Some cases can get complicated, like the family in Burrillville, R.I. In 1998, after a friend of theirs heard Eno lecture, they called him. Their house, they said, was haunted by apparitions who would also talk, mimicking the mother's voice. Kitchen cabinets would open and close on their own. There were unexplained footsteps and pounding sounds.

With his gaussmeter, Eno picked up a powerful electromagnetic field in the back yard, then saw the ghost. "It was tall, glowing and shimmery. . . . There was only a thin, whitish blankness where a face ought to have been," he writes in "Footsteps in the Attic." Other times, a spirit resembling a little girl haunted the family. Using religious icons and holy water, Eno blessed each room in the house, and things quieted down.

"His work is outstanding," says Steven Hanley, 53, who lives in the house. "For a while there, the presence was running rampant, but things have calmed down now.

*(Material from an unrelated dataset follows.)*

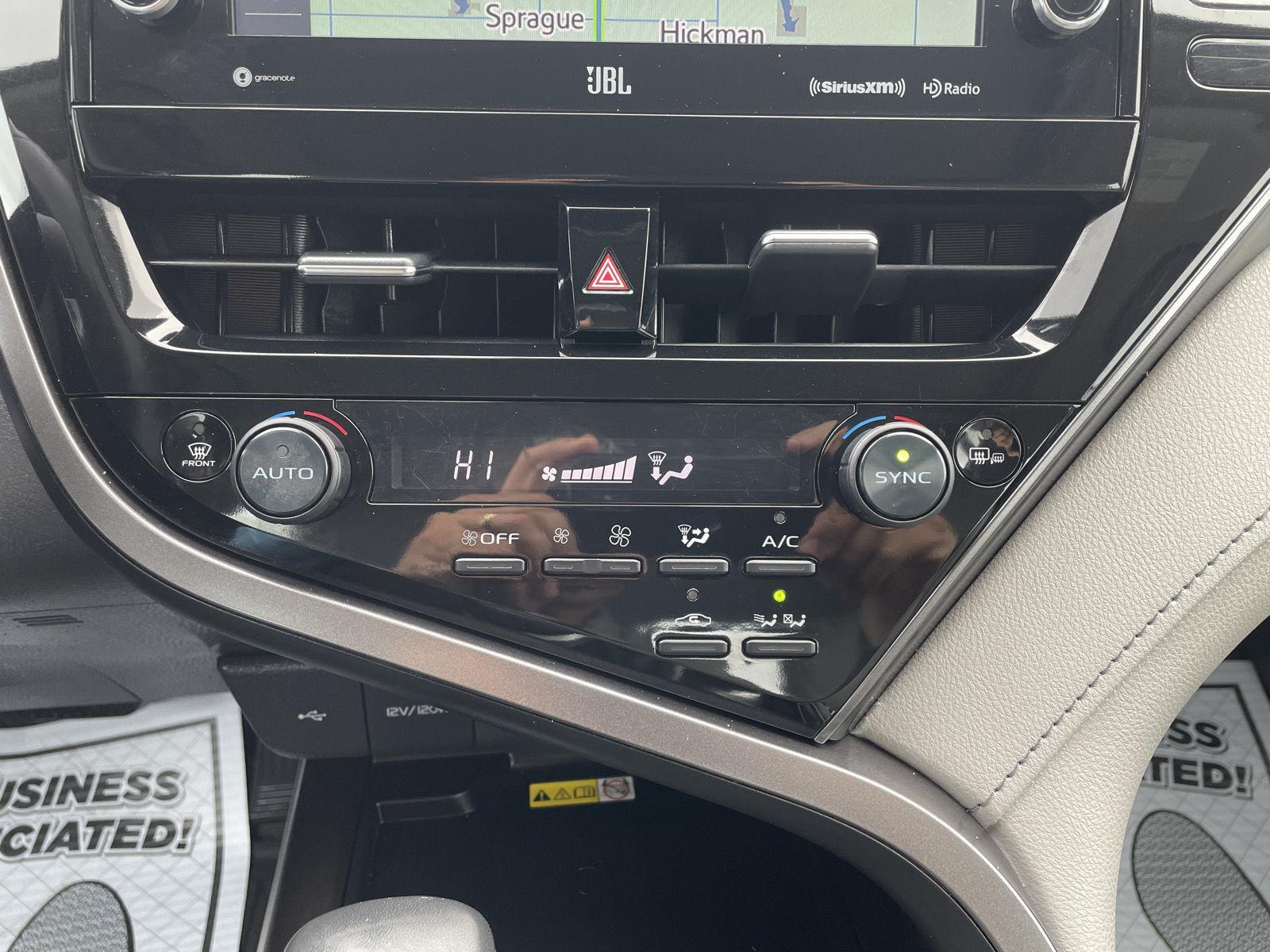 Vehicle photo 26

Paul said to think of the house as an electromagnetic force field, with God surrounding it, and that should help out, and it did. My wife feels it every now and then, but I don't." He adds: "I never would have believed in ghosts before."

Eno believes that negative energy attracts such "parasites." So why aren't more people plagued by poltergeists? "You can have a lot of stress at home, but if the electromagnetic field isn't right, they can't get in there," he says. Conversely, positive vibes -- love, faith, humor -- seem to "cut off the food supply to these things."

Eno doesn't place much faith in mediums: "If it's pretending to be Grandpa Pete, half the time it's a parasite looking for something to eat," he says, referring to negative energy. (But sometimes, he says, it really is Grandpa saying hello from the beyond . )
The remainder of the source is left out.